I was experimenting with the Fortran pointer feature in OpenACC and got some confusing result. The issue can be demonstrated by the following piece of code:
! pointer_test.f90
program main
implicit none
integer it, na
real, allocatable, target :: w(:, :)
real, pointer :: wp(:, :)
real aa
na = 256
allocate(w(na, na))
!$acc enter data create(w)
do it = 1, 10
wp => w
!$acc data present(wp)
!$acc kernels
wp = 0.
!$acc end kernels
aa = 2. * it
!$acc kernels
wp = aa
!$acc end kernels
!$acc end data
enddo
do it = 1, 10
wp => w
!$acc kernels present(wp)
wp = 0.
!$acc end kernels
aa = 2. * it
!$acc kernels present(wp)
wp = 1.
!$acc end kernels
enddo
!$acc exit data delete(w)
end program
The loop is actually a time-stepping loop. I need to launch several kernels among each iteration, so I put these kernels into a structured data region (The first loop). According to this post https://forums.developer.nvidia.com/t/openacc-fortran-pointer-how-to-question/165949, I can access the device copy of “w”via pointer by adding the pointer “wp”to the present clause.
I compile this program by:
nvfortran -acc -Minfo -r8 -O2 pointer_test.f90
The result is fine, but the profiling result shows that the data construct incurs some HtoD data movements at the beginning of every iteration, which causes some performance degradation. It looks like the pointer itself was kept copying from host to device.

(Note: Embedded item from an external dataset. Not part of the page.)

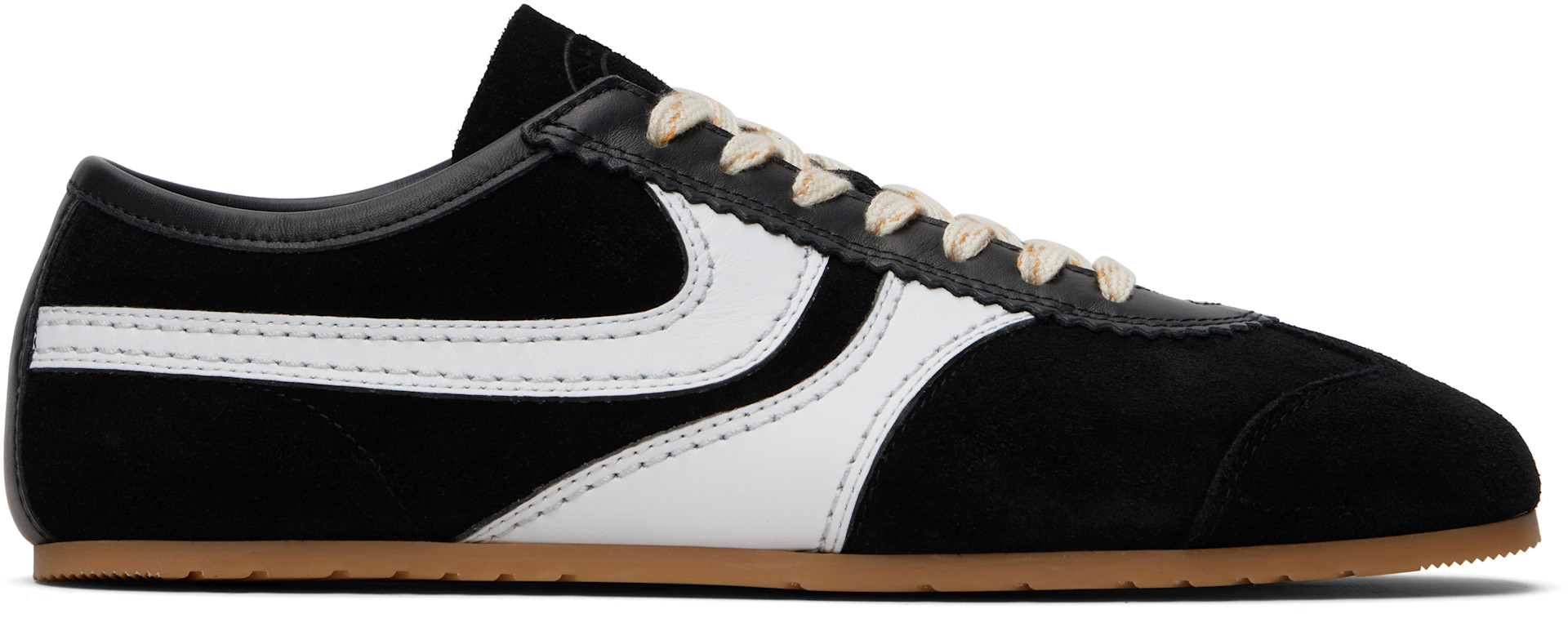 Dries Van Noten: Black & White Suede Sneakers | SSENSE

One workaround is moving the present clause to the implicit data region of each kernel instead (The second loop). The profiling result shows no data movement anymore.
I am wondering what is the difference between the structured data construct and the implicit data construct in this situation? Do I miss something about the structured data construct?
My HPC SDK version is 21.3. Attached is the profiling result got by Nsight-sys-2021.1.1.66.
Best regards